Opinion

A Netflix tax is a solution in search of a problem

A person holding a tablet with Netflix displayed

Heritage Minister Stephen Guilbeault’s recent introduction of legislation that would impose a Netflix tax on Canadians is a blockbuster in all the wrong ways. It will do nothing to protect or improve Canadian culture, which is doing just fine. It will fail miserably in trying to regulate Canadians’ viewing habits. And, perhaps worst of all, it will end up gouging regular Canadians who just want to watch good TV of their own choosing.

All this, courtesy of the government that promised in 2017 it would not introduce a Netflix tax. But it turns out the broken promise is actually a double bill: not one Netflix tax, but two! First, there’s sales tax, which Netflix has (in most provinces) up to now not been collecting from you. Tack that on to your monthly subscription.

But the real box-office bomb is the second part: an Canadian content tax that could cost Canadians $830 million over the next three years by allowing the Canadian Radio-Television and Telecommunications Commission to shake down streaming services in the same way it currently does the big TV broadcasters, forcing them to pay into a cultural slush fund – all paid for, in the end, by you.

What’s most puzzling about this bill is how utterly unnecessary it is. It’s not even clear what problem the government is trying to solve.

For starters, if the state of Canadian culture is to be measured by how much money is being spent creating it, such as on TV and film production, then things are already going gangbusters: production levels are at record highs in large part due to voluntary, private-sector investment, including $500 million over the last two years by Netflix alone.

At this point, the yardsticks inevitably get moved: sure, maybe there are more shows and movies being produced in Canada than ever before. But what if they’re the “wrong” ones? Who will tell us “our own stories,” to quote an old CanCon chestnut?

It’s adorably 20th-century thinking. In a world in which there were only a handful of TV channels and film producers, there was a plausible argument that a portion of cultural space needed to be set aside for Canadian content, lest we all drown in a tidal wave of global (well, let’s be honest: American) content.

But in a digital era in which there is essentially infinite content capacity, and where the cost and ease of producing it have dropped dramatically, this argument ceases to hold water. Anyone anywhere on the planet with Internet access now has an endless buffet of cultural options to browse.

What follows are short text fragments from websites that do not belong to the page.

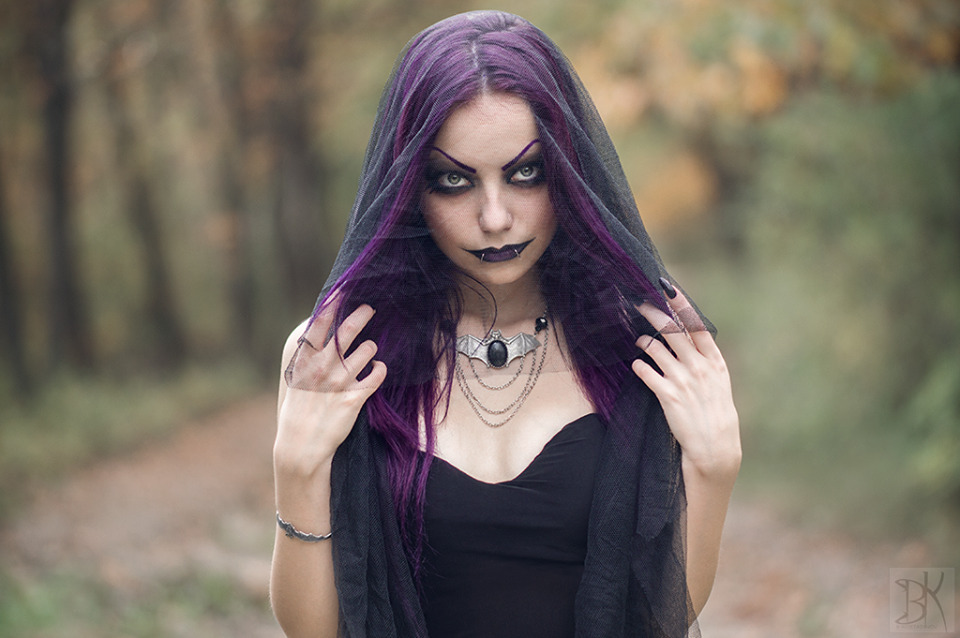 gothicandamazing:
“ Photo by B.Kostadinov Photography
Model: Darya Goncharova
Necklace: Aeternum Nocturne Gothic jewelry
Welcome to Gothic and Amazing |www.gothicandamazing.org
”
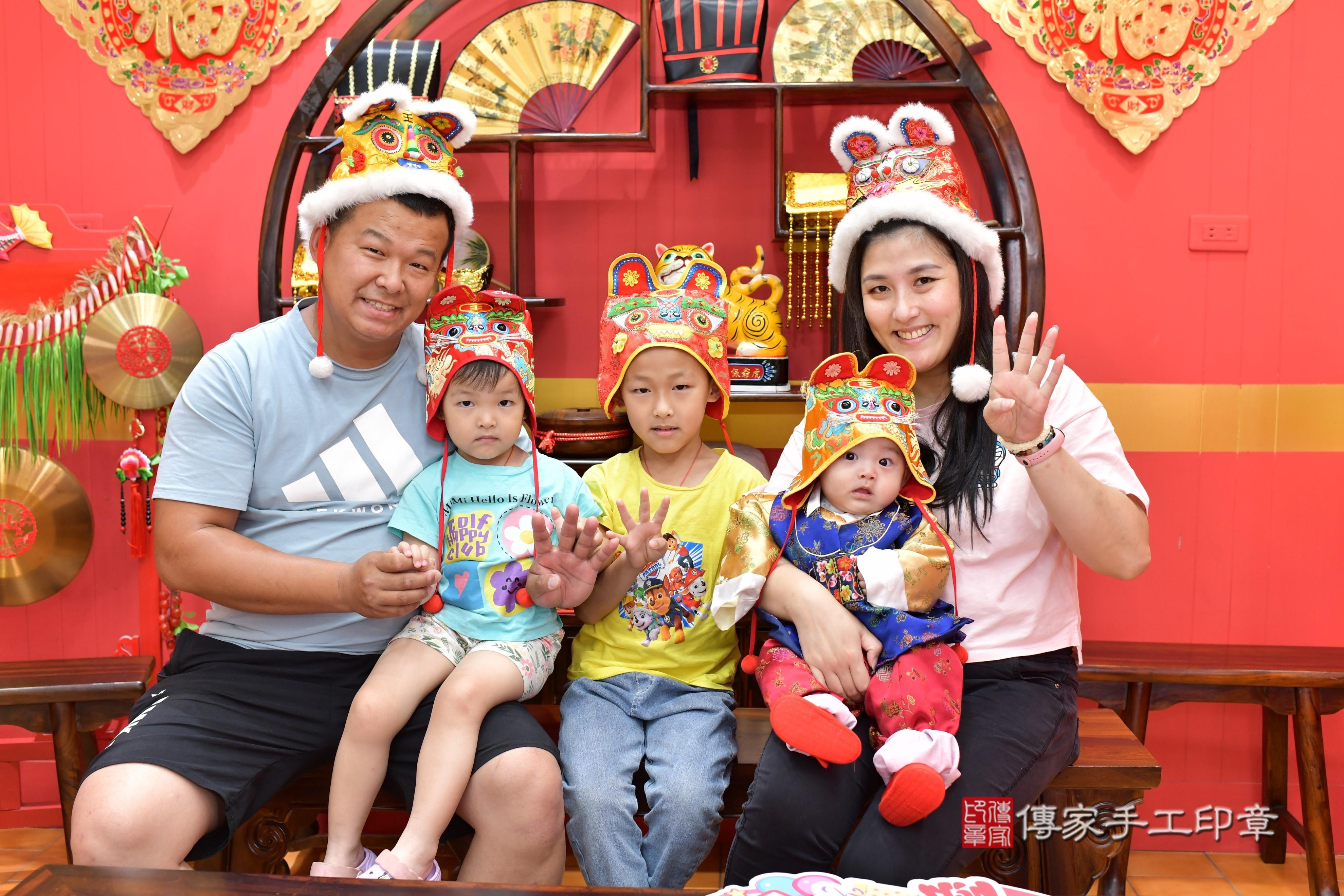 傳家手工印章桃園店、抓周、度脺、美式風會場、傳家嬰兒古禮、吉祥話、抓周道具物品24種、拍照。抓周證書。寶寶抓周、滿周歲、生日快樂、祝福 傳家手工印章桃園店、抓周、度脺、美式風會場、傳家嬰兒古禮、吉祥話、抓周道具物品24種、拍照。抓周證書。寶寶抓周、滿周歲、生日快樂、祝福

In the world we live in today, the notion that a government agency has any place in dictating its citizens’ cultural consumption choices is not just offensive, it’s quaint.

But maybe it isn’t actually about who watches what on Netflix, but about who gets paid to produce government-approved content whether anyone watches it or not. And no one is more up to the task of kissing that government ring than this country’s constellation of arts lobby groups.

Take a quick glance at the Canada Media Fund’s database of subsidized projects. Never heard of anything on this list? Neither have most people. There’s nothing wrong with cultural content that isn’t wildly popular, but why should taxpayers be forced to pay for it?

This is what happens when an insulated cottage industry inhabits a bubble where consumers don’t even rank as a minor consideration. Imagine a world where restaurants demanded a perpetual stream of government subsidies so they could hire staff, prepare inventive food and serve it to a room full of empty tables, and you’ll have a pretty good feel for the contempt the arts lobby holds for the Netflix-viewing public.

Simply put, these groups do not produce content that sufficient numbers of people are actually willing to buy. That’s why they rely on handouts. And that’s why they are desperate to expand the slush fund that feeds them.

Canadian culture is more vibrant than it has ever been and doesn’t stand to benefit from pointless government meddling. Minister Guilbeault should rethink his bill and back off his misguided plan to force Canadians to pay more for content they want in order to subsidize content they don’t.